自從去過了草原,與一眾朋友聊天時,我時常講到在內蒙古喝酒的經歷和體會。懂喝酒與不懂喝酒的,聽了亦覺有趣。寫草原紀行,是否要有說酒故事的專題,我一直猶豫。因為喝酒,是很爭論性的問題。但是,「喝酒」有著幾千年的歷史,是人類長久以來的一項生活習慣。酒,為人類社會文明與飲食文化不可不言及的內容。我自己尚能飲酒,幸好從不酗酒。跑地方多了,接觸所及,感覺到不同的國家和地區的民眾,對喝酒有不同的態度和習慣。從喝酒中去觀察,甚至可體會到不同的文化和生活的價值。去過內蒙古的人都會知道,這是一個很喜歡喝酒的地方。

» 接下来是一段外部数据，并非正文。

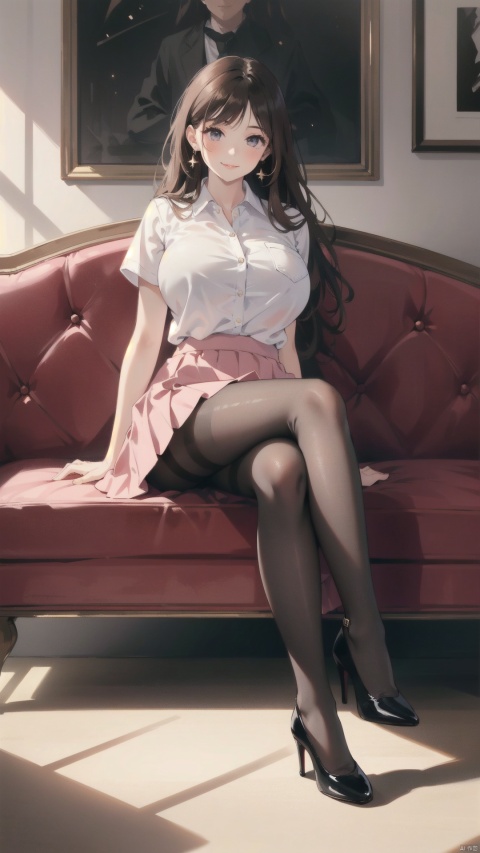  1girl, huge breasts,solo, long hair, looking at viewer, smile, skirt, brown hair, shirt, black hair, holding, jewelry, sitting, full body, white shirt, pantyhose, indoors, high heels, crossed legs, couch, pink skirt, watch, realistic, 1girl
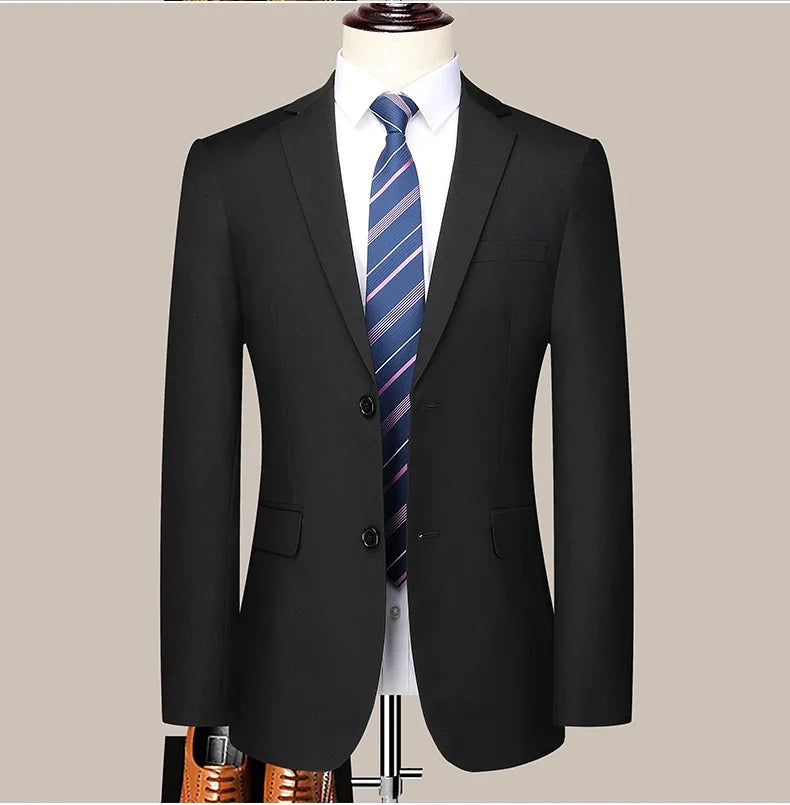 Suit (Blazer+ Pants) Men's Fashion Business Outdoor Trend Solid Color Casual Slim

一九九四年第一次去呼和浩特市,不過短短幾天,已感受到內蒙果然名不虛傳,是一個離不開酒的地方。每餐飯無酒不歡。幾天來,事情談過了,也喝了主人家好幾頓酒。一個晚聚,我要作東回請。在酒樓賣酒的地方,我挑了一二種酒,不在價錢,選上的是一種大約四十度左右的白酒。幾天以來,自覺喝得太多了,想喝度數低一點的,善待自己。購了幾瓶,擺放在飯桌上。其中一位當地朋友輕聲地說:「陳先生,這種酒的度數太低了吧?」聽了有些愕然。認識不算久,如此直率地說,真有點意外。主人家既然這樣說,只好掉換了,改成度數高的。日後我們之間稔熟了,才知道蒙古地區,喝酒的,都喜愛喝烈酒。理由是度數較烈的酒,比較合胃口。其且認為,高度酒喝後,酒精容易揮發,不大傷身體。是耶?非耶?我不清楚。自己經驗是,喝低度酒如中國黃酒,日本的清酒,甚至是啤酒,千萬別喝醉。這些低度酒喝醉了,頭痛若裂,難過極了。好的高度酒,醉後卻易醒復,醉時亦好過點,不知是否這種道理。
八、九○年代,內地的宴請,喝酒有兩種現象。一是喜歡喝啤酒,在內蒙古地區,當地人都不大喝啤酒。二是宴桌上總有三種酒,大的杯是啤酒,中的杯是葡萄酒,小的杯是中國白酒或洋酒。在內蒙不管酒杯大小,只有中國白酒。初訪呼市的一回,在返港前的一晚,主人在一個蒙古包的餐館中宴請。對我來說,是頭一次,感覺充滿草原情調。也學懂了蒙古人端起酒杯喝酒前,要先敬天,其次敬地,再敬人的禮儀。一個穿著蒙古袍的姑娘,不時的拿著白色酒瓶,不斷在你身旁,一邊唱著歌一邊勸飲。這種情景,酒,哪能停得下來,只好不醉無歸了。席間,大塊大塊用刀、甚至用手去吃羊肉,大口小口地喝著酒,豪氣干雲,氣氛熱鬧極了,情緒痛快極了,酒亦會愈喝愈興奮。
八○年代在新疆伊犂附近的蒙古自治縣,嘗過下馬酒、上馬酒的,老遠來去迎送的喝酒。對在南方人來說,已覺新奇。神州大地,不同地域不同風俗,讓你神奇的多得是。八○年代初,到西安,一邊喝酒,一邊和詩,飯罷再以書法寫成留念。這種經驗,真讓我這個念文科的慚愧。酒興是有了,也應付得了。不懂詩,也不善書法。西安,到底是千年古都,仍留下了斗酒百篇的人文遺風。